The genocide in Palestine has not just been on the people themselves, but the very fabric of their culture. A few months ago, the Central Archives of Gaza (which contained 150 years of records pertaining to Gaza's history) was destroyed. Soon after, the Great Omari Mosque (which contained one of the most significant collections of rare books in Palestine), and at least 13 different libraries were badly damaged or destroyed.

Off the ground, many Palestinian content creators have had their content suppressed and removed, with some being completely banned from social media networks. Finally, with the potential TikTok ban in the US, access to journalism and community organisations will be restricted.

A few months ago I saw someone on TikTok make a plea for us all who are bearing witness, to start screen recording and archiving the stories, and news. I replied to the video, saying yes – we absolutely should, and has anyone considered archiving onchain as the perfect way to do this? Blockchains are permissionless and immutable. A sound tool to use for both documenting happenings and archiving culture. 

Storyteller Ibraheem Leone is already doing just that. Through his project The Tapestry, Ibraheem travelled back to his homeland in Sierra Leone to capture and record oral histories that might someday be lost, which are now stored forever on the blockchain.

Imagine a future where historic texts, stories, legends, and culture are stored, attributed and revered forevermore.
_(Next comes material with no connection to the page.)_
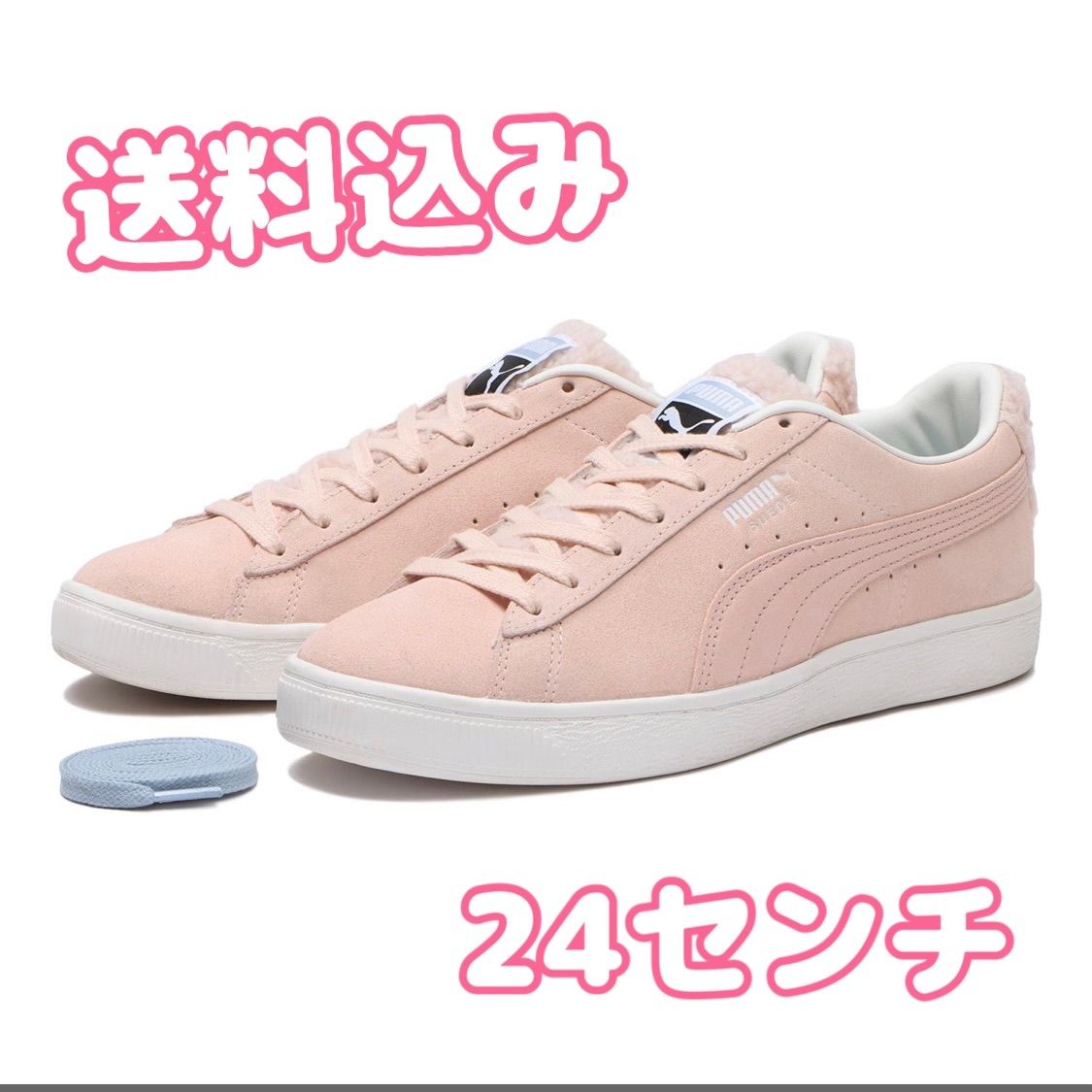 人気の福袋 【オンラインショップ】 新品、未使用 SnowMan 第二弾 PUMA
This is especially important for Indigenous folks across the globe, whose contribution to society and oftentimes, very existence is attempted to be minimised or wiped out - like the Stolen Generation of Indigenous Australians, the longest-living civilisation on earth.

With Indigenous histories archived onchain, everyone on Earth knows who they are, and how they came to be. A sense of belonging. A sense of purpose.

Supported by the Stars?

You might be thinking, this is too much. How can we actually get there? The empire is too strong, too embedded, and too ingrained. I feel the weight of it, too. And yet, might liberation be not written, but supported by the stars?
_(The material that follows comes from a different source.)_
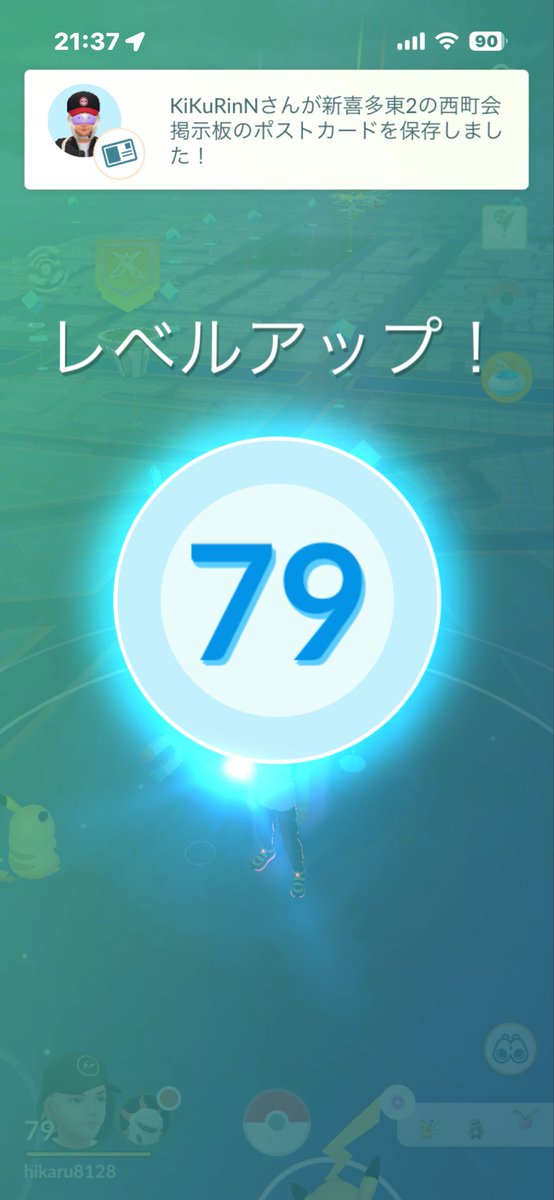 バルサ50 tweet media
Allow me to provide you with an astrological download. Even if you’re not woo-woo like that, at least humour me a moment.

On the 20th of January 2024, Pluto (the planet of power and transformation) went into Aquarius (the sign associated with rebellion, freedom and innovation). As Jessica Lanyadoo, a noted astrologer says, “The potential is that we will see revolutions occur at a level we've never seen it before”. And she might be onto something, because the last time Pluto was in Aquarius was back in 1778 to 1798, a time of the French Revolution and Irish Uprising. 

Lanyadoo goes on to state that “we can get free during a Pluto transition through Aquarius. Free from colonialism, white supremacy, and the oppression of trans and gender non-conforming people."

“But it is not going to happen on its own, and it will not be easy. It will take mass community efforts. We don't have to do it all on day 1.”

Carceral vs Radical Logic

I want to leave you with the words of Ismatu Gwendolyn, a budding abolitionist and writer. Ismatu talks about the difference between carceral and radical logic.

Carceral logic tells us “somewhere else, away from me.” It tells us, we’re too small to make a difference. Too insignificant. Too powerless. That our actions won't amount to anything, and that we shouldn’t even try. 

In comparison, radical logic tells us that every small aligned action – with coordination and courage –  can bring us closer to change.

Radical logic tells us that imagining a higher future is the first step to building a higher future.

The tools for collective liberation might be at our fingertips.